Kintsugi, a celebration of imperfection
Kintsugi, or golden joinery, related toa late 15th century Japanese technique used to repair broken porcelain, consists of mending the break with lacquer and powdered gold. Kintsugi enjoys a central association with the Japanese tea ceremony.
The kintsugi technique illustrates a philosophy embracing an object’s past, its history and whatever fate may have inflicted on it. A broken ceramic piece has not reached its end, but rather encounters the beginning of a new cycle, extending its role. Therefore, no effort is made to mask repairs, but rather to highlight them as expressions of an individual trajectory. The shards of a broken piece are collected, cleaned and glued with natural lacquer and then the “scars” are sprinkled with gold dust.

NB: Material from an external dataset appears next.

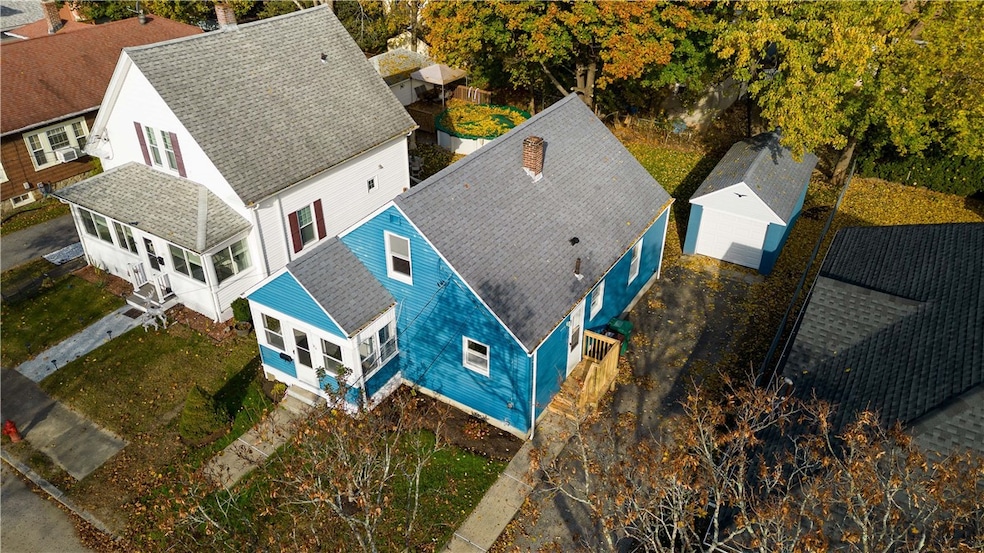 88 Newport St, Woonsocket, RI 02895 - photo 1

In this sense, kintsugi belongs to the Japanese philosophy of wabi sabi, a celebration of imperfection. This Asian philosophy, combined with Zen concepts, elevates acceptance and contemplation of imperfection and change. These values, resonating in a contemporary context, incorporate two fundamentals: wabi, referring to the fullness and modesty inspired by nature and sabi, respect for the work of humanity and its history.
An artful repair transforms the piece into an expression of transcendence.
By applying this philosophy to one self, kintsugi acts as a form of “arttherapy” divulging injuries as milestones, encouraging their acceptance and eventually liberating them.